_Directions_
Required from the data below: the exact lines starting at the line containing "3A, QUEENS ROAD, SOUTHEND-ON-SEA, SS1" and ending at the line containing "Mughal Round Clutch", with both ends kept and all pictures dropped.

Dataset items:
*****
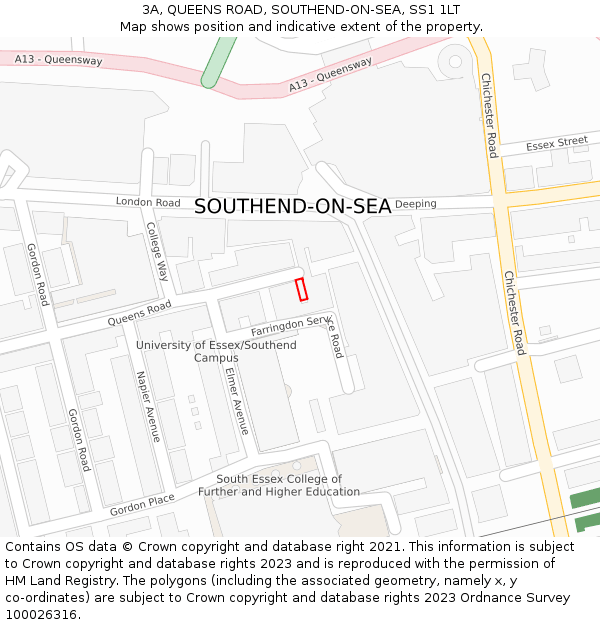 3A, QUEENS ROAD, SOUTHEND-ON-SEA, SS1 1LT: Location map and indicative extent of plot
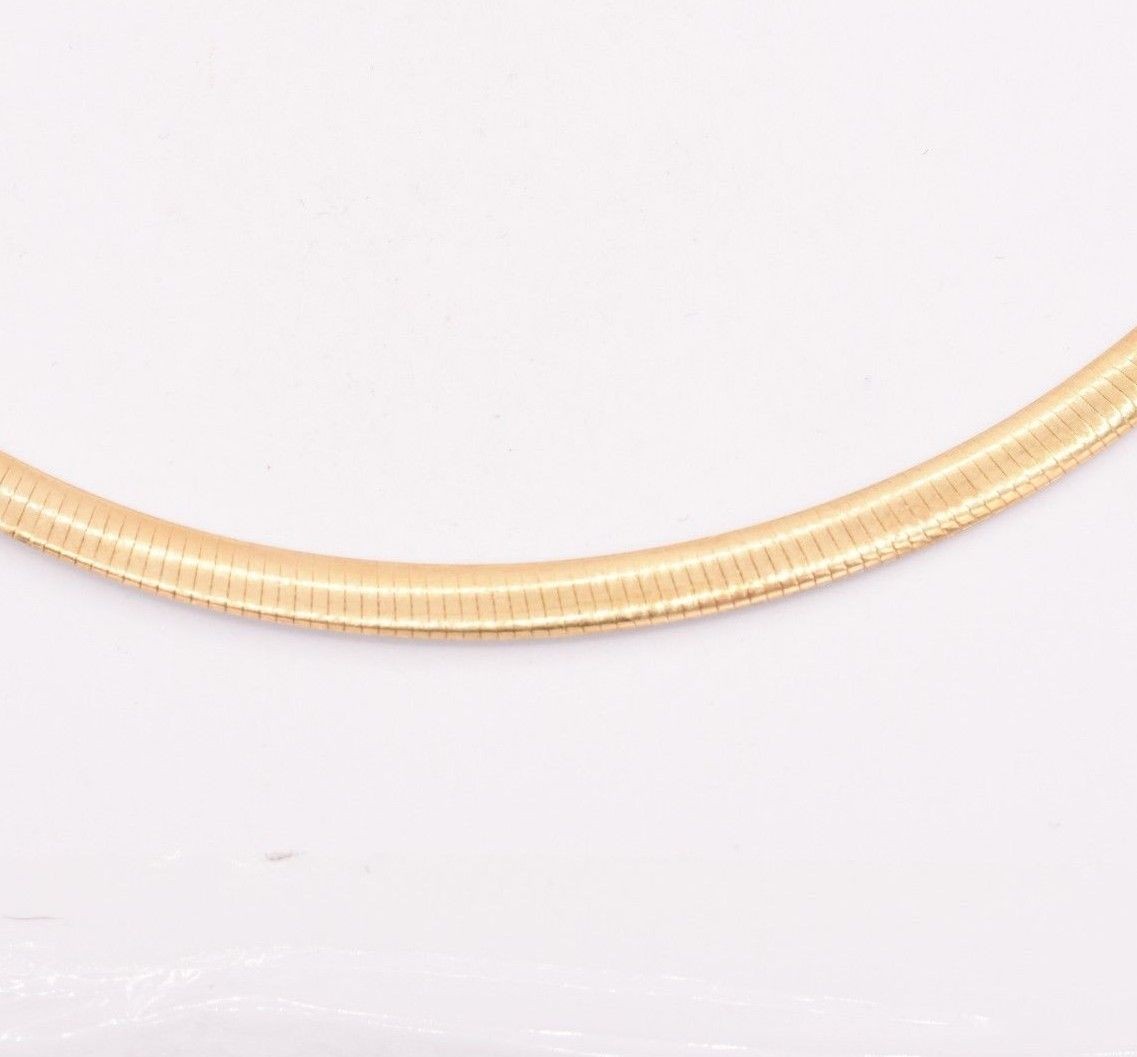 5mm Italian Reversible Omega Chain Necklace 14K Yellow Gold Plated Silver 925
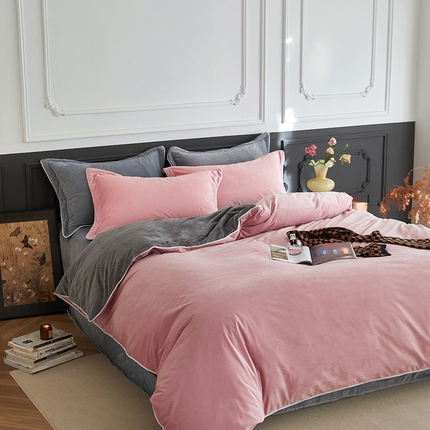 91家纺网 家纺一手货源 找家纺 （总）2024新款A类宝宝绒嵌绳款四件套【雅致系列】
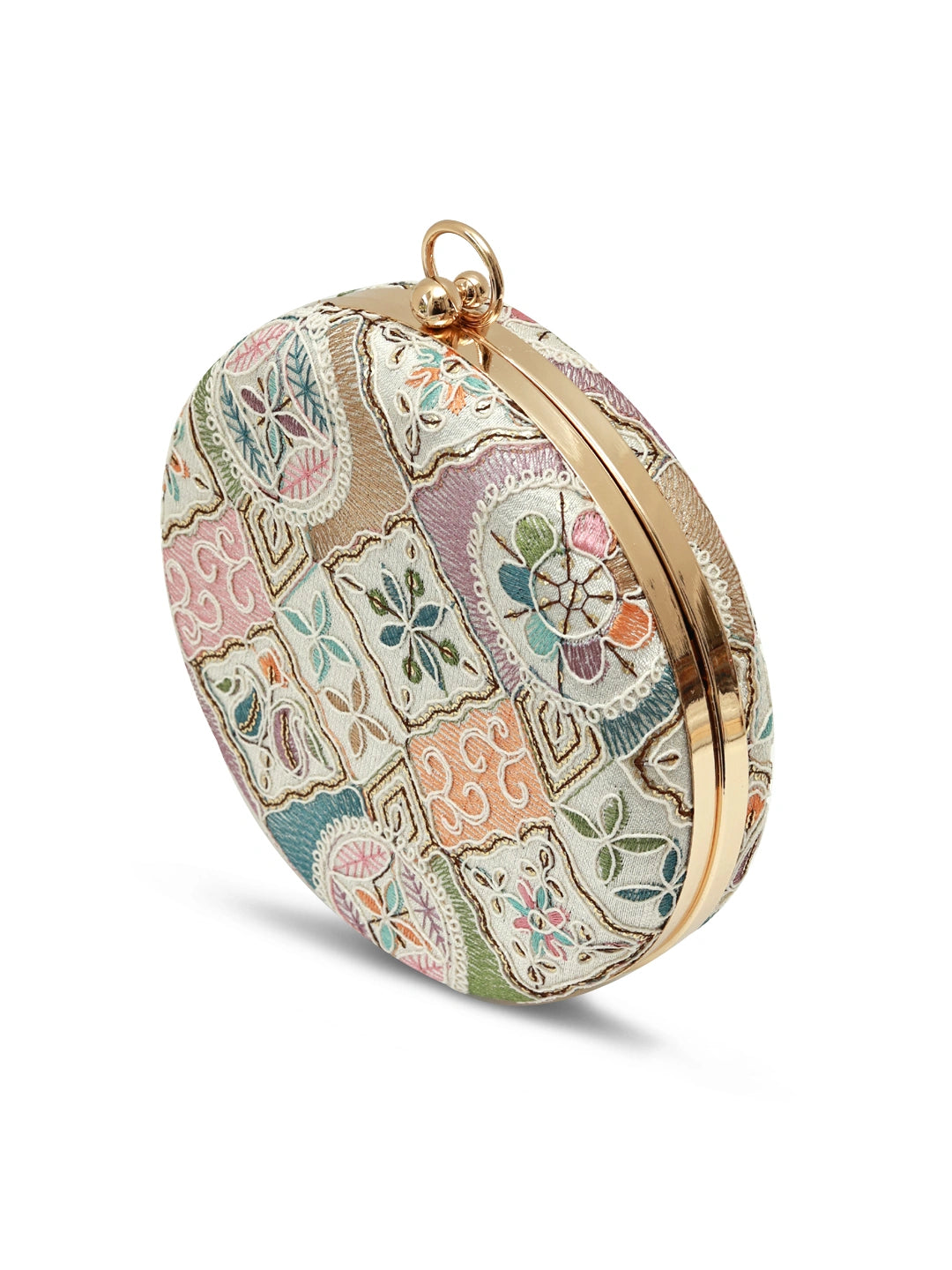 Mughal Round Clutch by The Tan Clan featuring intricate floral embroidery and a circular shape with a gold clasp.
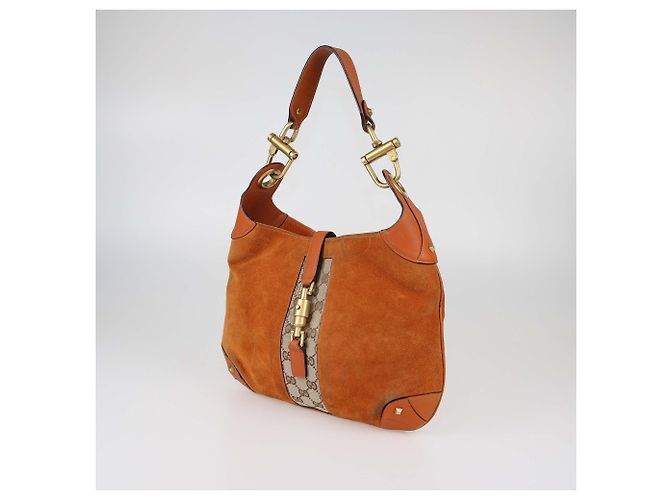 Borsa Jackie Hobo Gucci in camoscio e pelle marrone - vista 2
*****
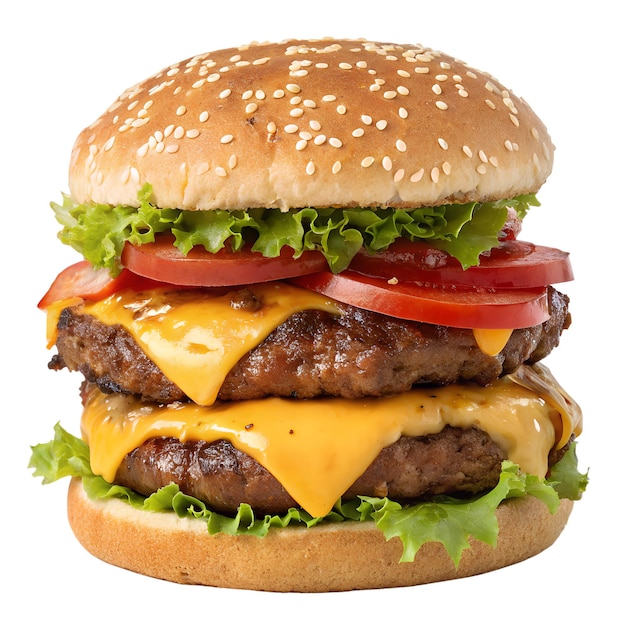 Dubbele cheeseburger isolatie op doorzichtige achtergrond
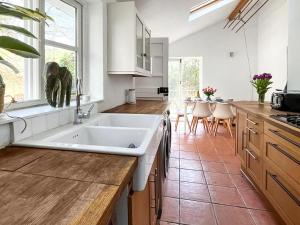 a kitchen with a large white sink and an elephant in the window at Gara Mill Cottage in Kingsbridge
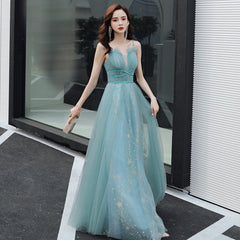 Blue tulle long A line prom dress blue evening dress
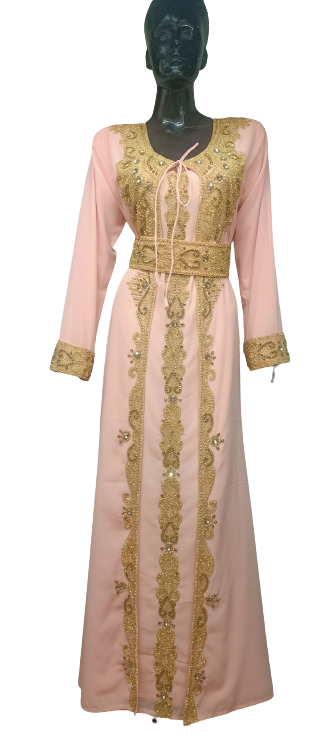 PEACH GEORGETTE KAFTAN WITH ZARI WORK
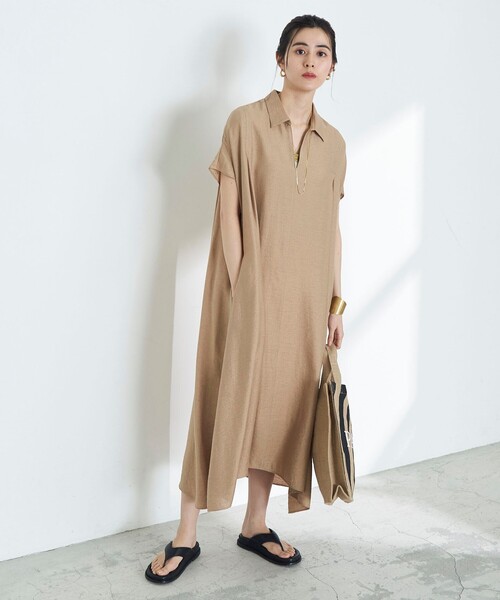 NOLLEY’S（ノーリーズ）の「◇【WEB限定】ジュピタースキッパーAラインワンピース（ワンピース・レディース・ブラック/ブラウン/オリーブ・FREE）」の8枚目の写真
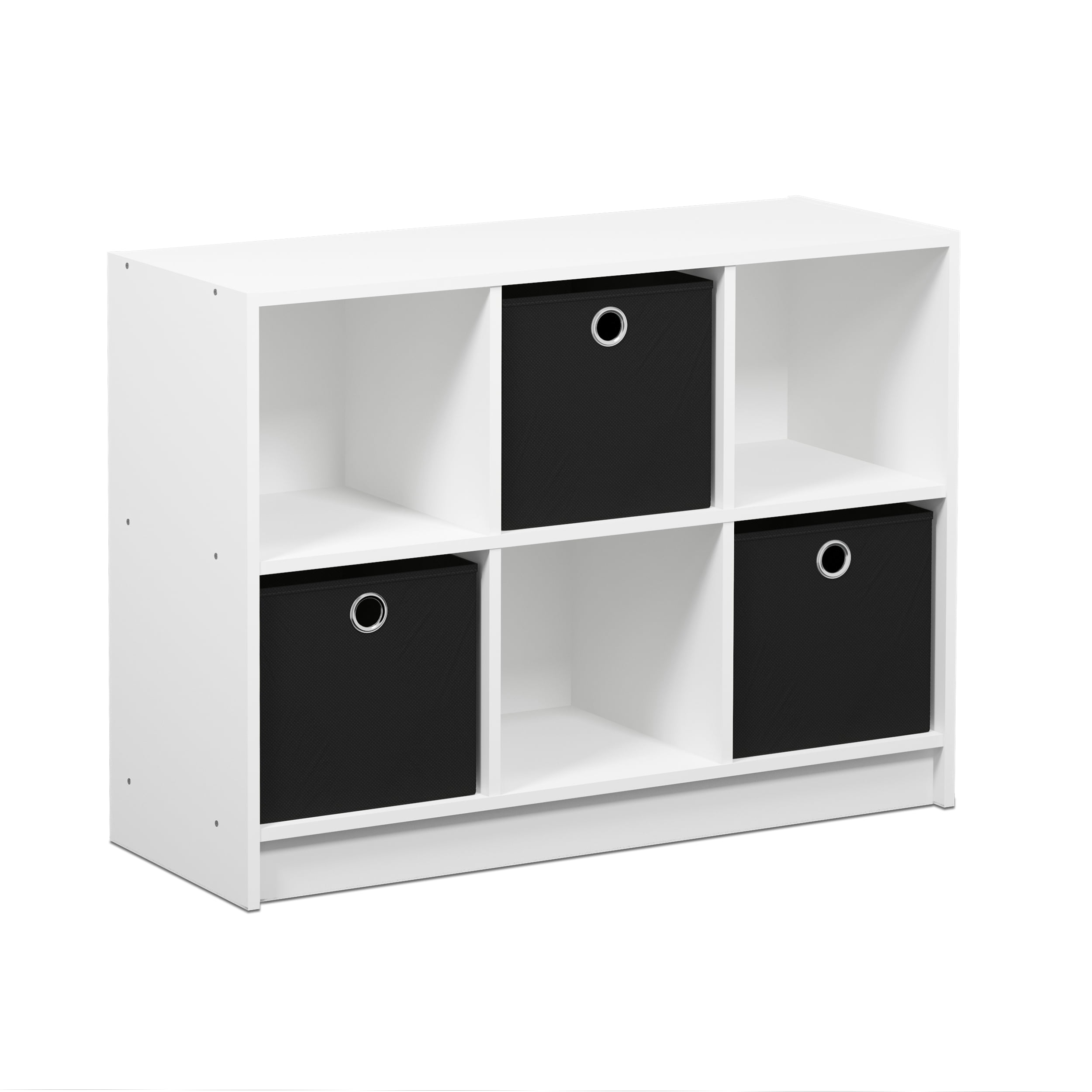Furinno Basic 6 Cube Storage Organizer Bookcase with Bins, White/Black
*****
_Answer to the exercise_
 3A, QUEENS ROAD, SOUTHEND-ON-SEA, SS1 1LT: Location map and indicative extent of plot
 5mm Italian Reversible Omega Chain Necklace 14K Yellow Gold Plated Silver 925
 91家纺网 家纺一手货源 找家纺 （总）2024新款A类宝宝绒嵌绳款四件套【雅致系列】
 Mughal Round Clutch by The Tan Clan featuring intricate floral embroidery and a circular shape with a gold clasp.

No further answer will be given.